The documents specify the overall amount of the Section 37 funds to be paid ($1,500,000) with a list of 5 allocations:

  1. Upgrades to the existing transit passenger pick-up and drop-off parking area along Old York Mills Road
  2. Path and trail improvements/connections within the West Don River Valley area adjacent to the site, York Mills Park and York Mills Valley Park
  3. Improvements to Woburn Park
  4. Improvements to the Douglas Greenbelt
  5. Improvements to Old Orchard Park (replaced Brookdale Park which has recently been improved)

An earlier allocation to ‘Establishment of a Village Square on Dunblaine Avenue’ has been removed as Transportation Services does not agree with this proposed change.

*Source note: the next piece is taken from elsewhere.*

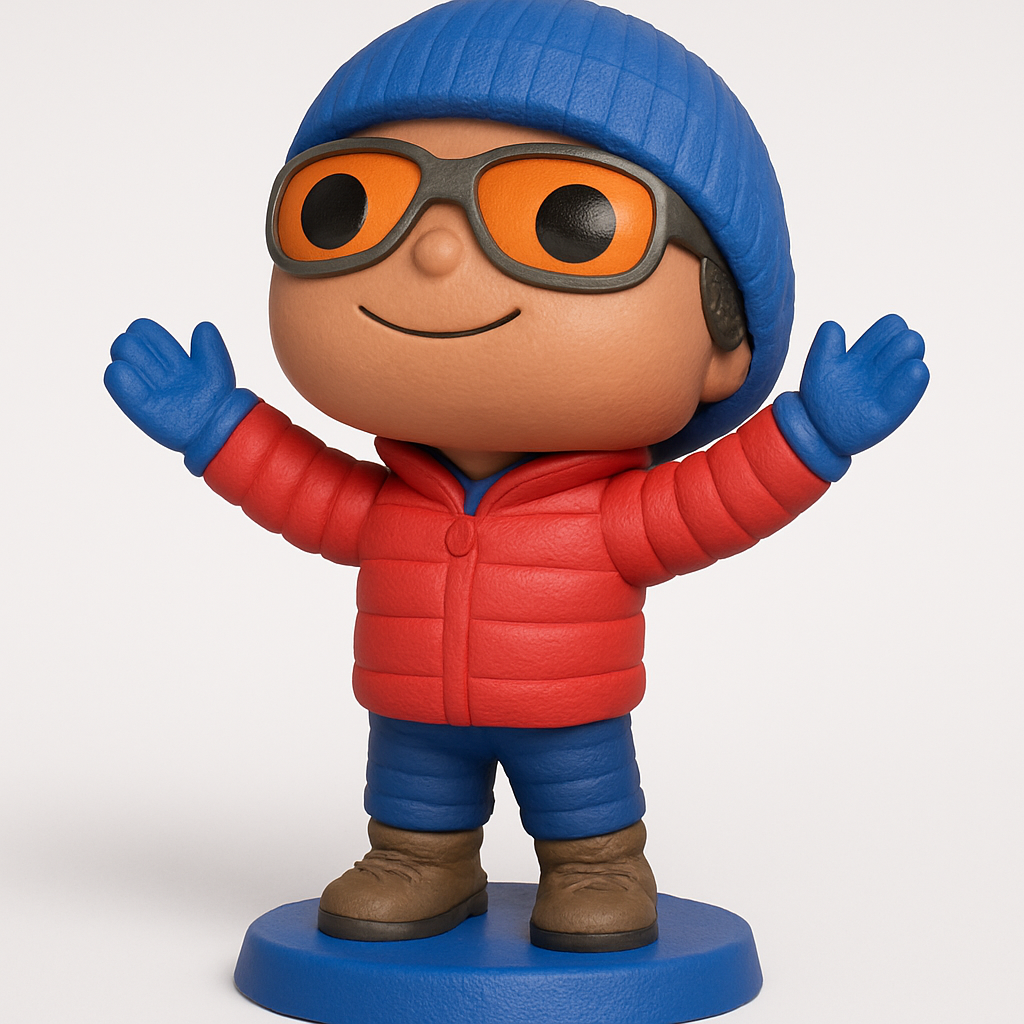 face anatomy 3d model-create 3d face model from photo_Cozy Winter Adventure Figurine - Fun & Easy 3D Print!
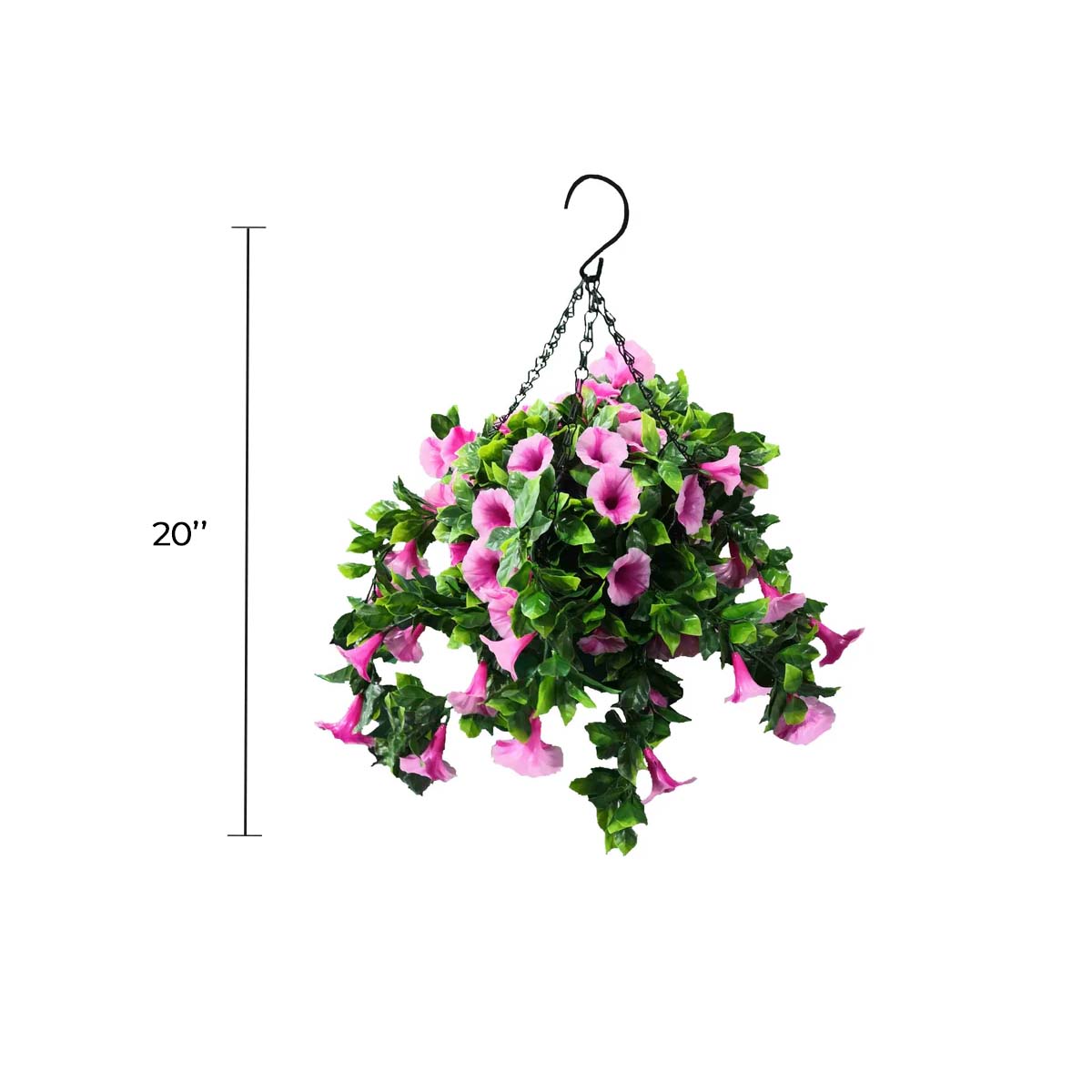 Artificial petunia hanging basket with vibrant flowering design, UV resistant outdoor-proof hanging plant by Designer Plants USA.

SAHRA believes that Cycle TO is involved in discussions with the City regarding the allocation of funds to path and trail improvements but we have not received any information on specifics to date.

 

Bike lanes help, not hurt, suburbs, Keesmaat says

Toronto’s former chief planner says City Council’s decision (made in March, 2018 – see below) on the future of a strip of Yonge St is about more than just bike lanes.

Read more:

https://www.thestar.com/news/gta/2018/03/22/bike-lanes-help-not-hurt-suburbs-keesmaat-says.html

 

Reimagining Yonge Study Proposes Major Changes in North York

Major upgrades may be coming to the stretch of Yonge Street from Sheppard Avenue north to the Finch Hydro Corridor as the Reimagining Yonge Street study is closing in on a preferred option for the revamp of the major artery. At last week’s Design Review Panel, City officials presented their findings and put forth a proposal to reduce Yonge from six to four lanes between Sheppard and Finch, while adding bike lanes, a landscaped median, wider sidewalks, and cycling and pedestrian infrastructure
http://urbantoronto.ca/news/2016/09/reimagining-yonge-study-proposes-major-changes-north-york

This proposal was NOT accepted in 2018 by City Council.